Directions
Give the data below again exactly as written, without its pictures.

Given information
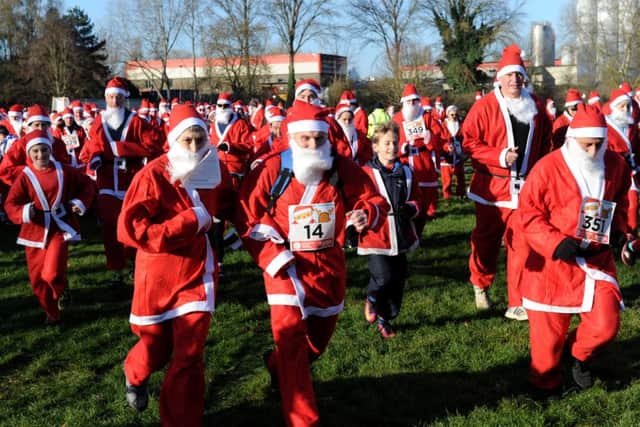 Banbury Santa Fun Run for Katharine House Hospice at Spiceball Park. Santas are off in the fun run. NNL-160412-131131009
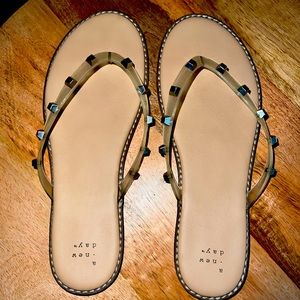 A new day (target brand) nude sandal with silver embellishments.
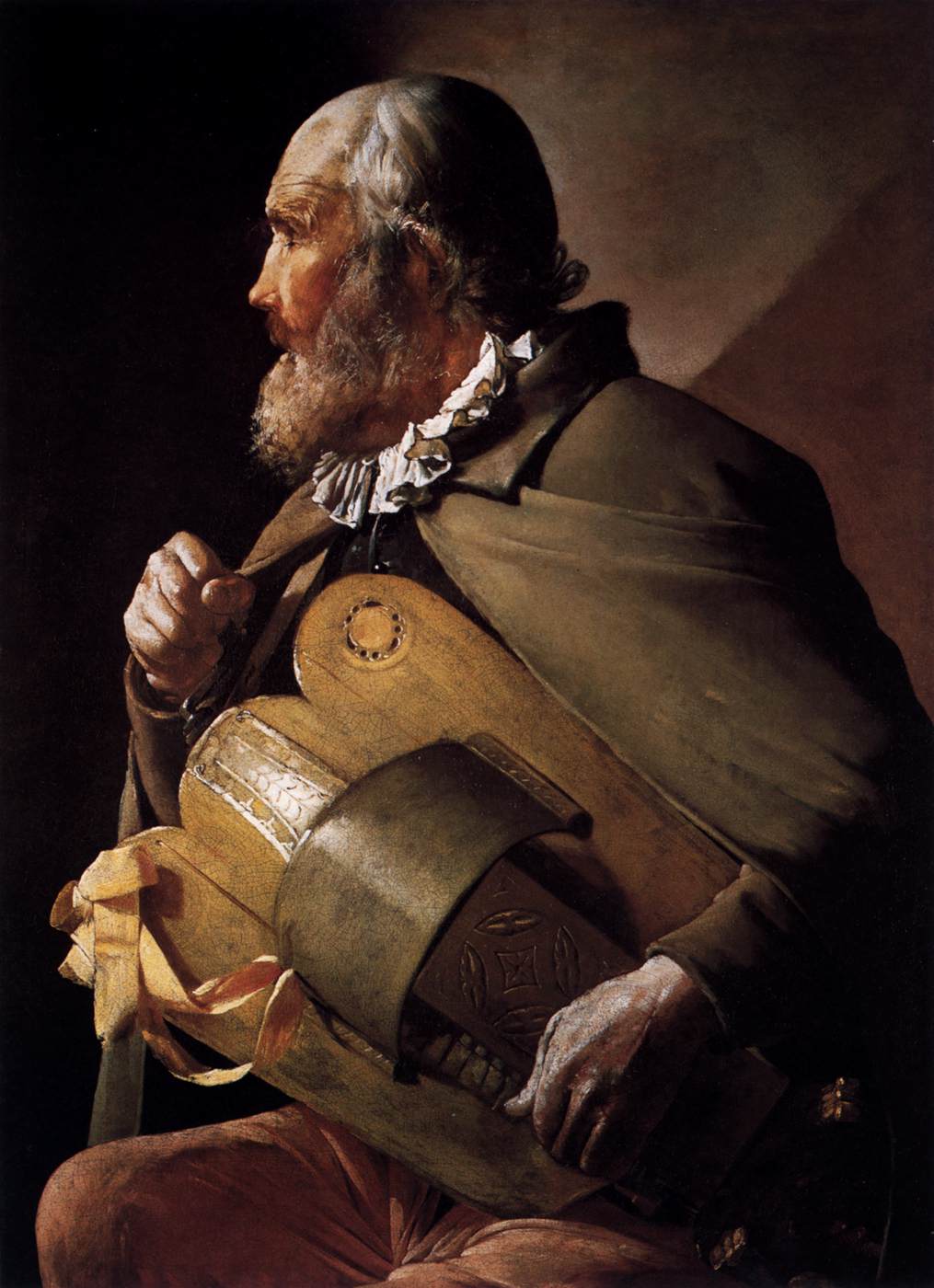 Half-length profile of an elderly blind hurdy-gurdy player wearing a cloak and ruffled collar, cradling a large instrument across his chest with one hand on the crank and the other steadying the body, warm light modeling scalp, beard, wood, and hands against a dark background.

Exercise result
 Banbury Santa Fun Run for Katharine House Hospice at Spiceball Park. Santas are off in the fun run. NNL-160412-131131009
 A new day (target brand) nude sandal with silver embellishments.
 Half-length profile of an elderly blind hurdy-gurdy player wearing a cloak and ruffled collar, cradling a large instrument across his chest with one hand on the crank and the other steadying the body, warm light modeling scalp, beard, wood, and hands against a dark background.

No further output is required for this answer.